I load a play list frequently - it's a collection of tracks from the 90's, a decade in which were some of my formative years were spent.
Without much effort I can relive those times in Long Beach, California. I can see the chinzty, tacky t shirts emblazoned with a tough looking tweety bird, or bugs bunny. Or a ferocious tasmanian devil. People wore beepers like little badges of wealth. I can hear the rap music as I ride home with Dad in his red astro van, the music from the 'black' neighborhoods where as children we played without care. You could approach a group of kids then as kids can now: Can I play? do you have pogs? Nice skates, can I try?
I can remember some summers from that time: Hot and full of freedom as we ran barefoot down the street to play in someones yard, running back home to check in and leave again for drinks from the hose and bike rides to the corner store. This was before we got a computer, gameboys were just coming out - my mom had one and spent a lot of time on it playing super mario brothers.
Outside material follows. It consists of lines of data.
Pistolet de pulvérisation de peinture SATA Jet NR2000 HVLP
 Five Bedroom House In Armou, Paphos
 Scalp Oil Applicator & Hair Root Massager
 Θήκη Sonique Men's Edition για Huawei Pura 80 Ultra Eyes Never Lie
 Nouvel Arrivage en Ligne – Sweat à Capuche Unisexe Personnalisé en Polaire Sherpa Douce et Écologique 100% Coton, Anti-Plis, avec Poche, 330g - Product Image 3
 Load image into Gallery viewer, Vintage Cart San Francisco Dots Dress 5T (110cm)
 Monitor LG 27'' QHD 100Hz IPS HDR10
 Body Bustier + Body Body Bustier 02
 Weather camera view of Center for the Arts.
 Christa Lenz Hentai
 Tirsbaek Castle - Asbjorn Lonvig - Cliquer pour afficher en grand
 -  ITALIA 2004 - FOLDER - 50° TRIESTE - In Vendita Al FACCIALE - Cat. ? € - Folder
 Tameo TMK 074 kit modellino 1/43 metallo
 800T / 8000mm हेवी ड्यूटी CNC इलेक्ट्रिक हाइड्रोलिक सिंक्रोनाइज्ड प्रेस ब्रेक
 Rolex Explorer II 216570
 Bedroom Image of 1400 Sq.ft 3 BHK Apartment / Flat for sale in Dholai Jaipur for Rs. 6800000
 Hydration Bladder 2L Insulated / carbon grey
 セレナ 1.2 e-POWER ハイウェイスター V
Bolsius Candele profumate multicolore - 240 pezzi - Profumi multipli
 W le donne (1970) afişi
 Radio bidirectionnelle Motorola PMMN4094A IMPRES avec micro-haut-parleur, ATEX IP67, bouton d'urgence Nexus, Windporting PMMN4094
I was in high school/middle school in the 90's too. You don't realise it then, but music is so important then. Despite the despotic rule my mother had over our lives growing up, music wasn't something she could easily take away from me. Countless hours were spent listening to KROQ and Star and the sounds of anger and rebellion. I'd record little mix tapes, waiting for the perfect song to come on. I'd sneak MTV, watching the videos of the day - You couldn't forget the Red Hot Chili Peppers and their vigor, or Jewel and her feelings. I drowned myself in the Doors - an influence of my father. Still to this day, they dominate my oldies playlists. I cherish memories of driving through Long Beach with him, on errands, blasting Light My Fire eagerly and playing an air-organ on my knees. CD players were a weird, cumbersome bit of technology to be coveted and cherished, and I spent a lot of time collecting Mom-Approved CD's (and maybe a few under the eye of my father, who indulged me in a more adventurous style).
It's not just 90's music I cling to. There's an album by the Rolling Stones that came out then; with a lurid video for one of the songs I can still see in my head quite vividly. Bridges to Babylon is still an album I listen to, and like the Doors, I enjoy them because if my dad. That weird blue lion with a beard rearing up on the cover art still dancing in my head.
I wonder sometimes if he knows I look back on music and think of him fondly. He's why I like Emerson Lake and Palmer and Bowie. Those summers in Long Beach at his house were punctuated with oldies being blasted while we hung out in the back yard in the 2000's.
But high school - the days where the Smashing Pumpkins and the Gin Blossoms were played loudly, Sarah McLachlan was still relevant, and who can forget the voice of Alanis Morrisette? She led countless young women to victory in their dreams, belting out her anthem, You Oughta Know heartily. Korn was a terrifying, dreadlocked force - forbidden at home, but secretly watched on that most terrible of channels: MTV.
You were only allowed bubble gum oldies under Mom's rule, or that horrible, over played country music she was so fond of. I can't hear that twang without giving a full body shudder to this day. Rap music was maligned, seemingly consigned to 'bad neighborhoods' and therefor to be savored by the younger set - to us, Snoop clearly knew what was up.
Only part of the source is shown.